Across the Fence #221
This past week saw terrible ice storms hit the eastern part of the country. Thousands of people were left without power. It could be weeks before power is restored in some areas. They are left in the dark, without electricity, heat, and hot water. They can't cook their food, use their computers, charge their cell phones and ipods, and the list goes on and on. Life has come to a standstill.
All this got me thinking about how dependent we've become on outside sources to provide our daily needs. I don't think we need to worry about terrorists attacking our buildings and transportation systems. If they really want to cripple us, just attack our energy sources. We'll be dead in the water. Then we've got "Troubles," as Dad used to say.
We are only a generation removed from the time when people still knew how to live off the land and exist without a lot of outside help. Many of you can still remember when you didn't have electricity. Since there were no power lines, your life didn't come to a standstill if there was an ice storm.
You heated your house with wood that you personally cut and split. You cooked your meals on a wood stove. Oil-burning lanterns and candles provided your light. If you had cows, you milked them by hand. You didn't need electricity to run a motor to provide suction to milking machines. Milk cans were kept in cold-water tanks in the milk house. You farmed with horses before tractors were available to you. Your cellar was full of food from your garden; canned fruits and vegetables, potatoes, carrots, and other treasures you had personally grown, harvested, and canned.

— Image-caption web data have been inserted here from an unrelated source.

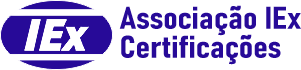 Logo da Associação IEx Certificações: oval roxo com 'IEx' em branco ao lado do texto 'Associação IEx Certificações' em roxo.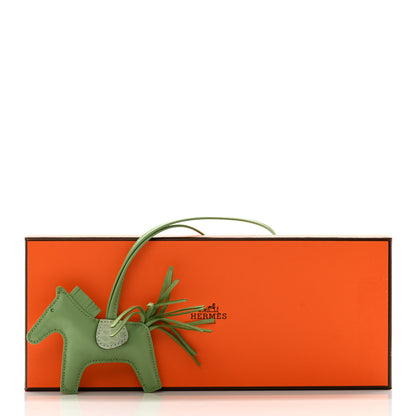 Hermes Milo Lambskin Matte Alligator Touch Grigri Rodeo Horse Bag Charm PM Vert Criquet Vert D'eau 5 of 5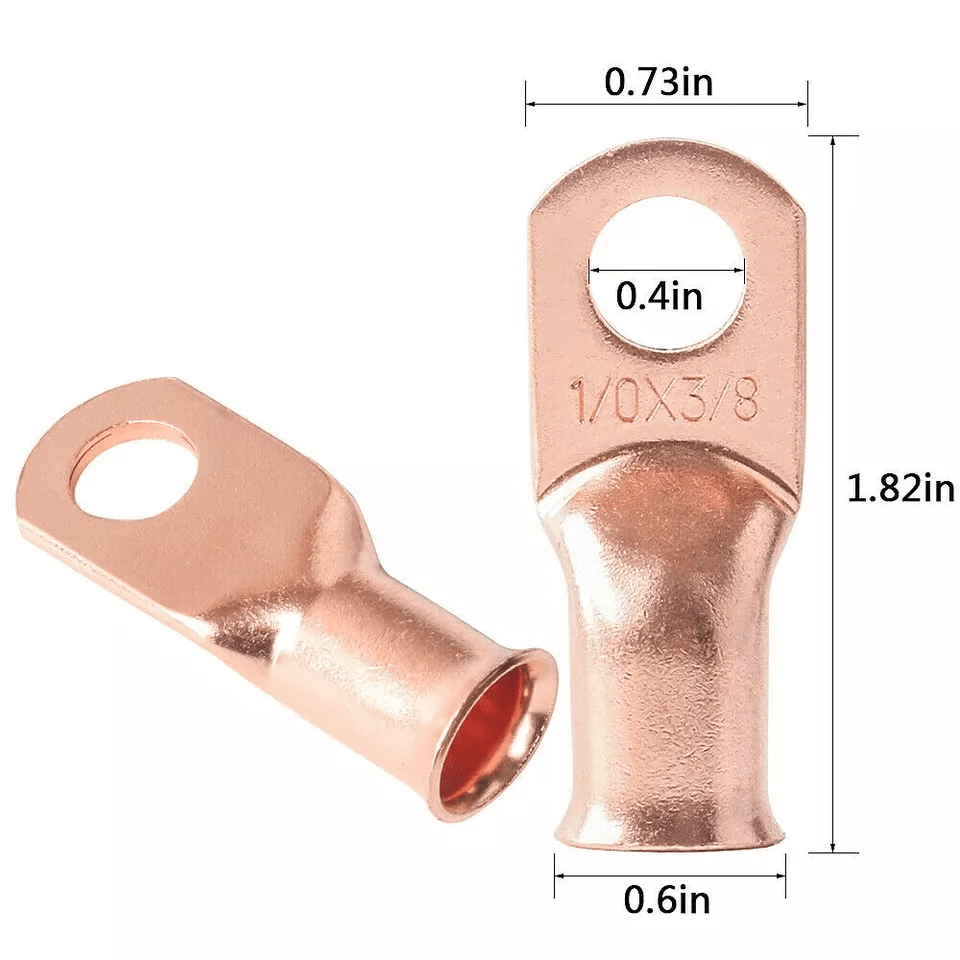 AWG Gauge Copper Lugs W BLACK RED Heat Shrink Ring Terminals Wire Crimp Connectors For Battery Inv 13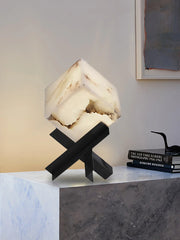Modern Alabaster Cube Table Lamp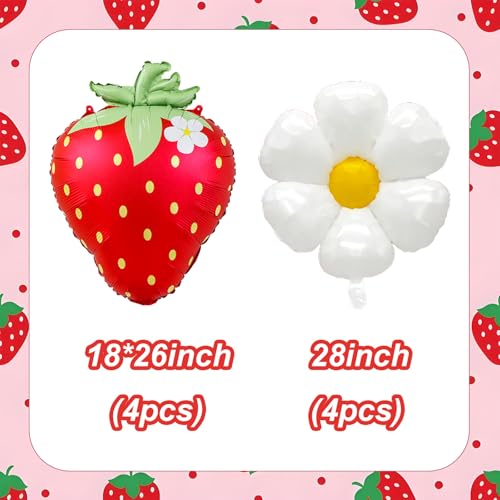 YOUDICT 8 PCS Strawberry Balloons Daisy Balloons Red Berry Foil Balloons for Strawberry Themed Birthday Party Decorations Berry First Birthday Decorations - Image 5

You could still get water from your own well and cistern that you used for drinking, cooking, washing clothes, and to heat up and take a bath in. Your bathroom was an unheated outhouse.
Computers, televisions, VCR's, DVD's, and PVR's were not a part of your life. Radios were operated with batteries. There were no cell phones that needed recharging, no furnace or water heater depending on outside sources of electricity in order to work. People were much more self-sufficient. Life did not stop as it does today when power is lost.
I'm not saying we should go back to those days. We've all become too accustomed to, and dependent on, modern technology and conveniences. What I am saying is that we've lost an important part of who and what we are. Most people in this country wouldn't know where to start if they were suddenly forced to go without all those things today.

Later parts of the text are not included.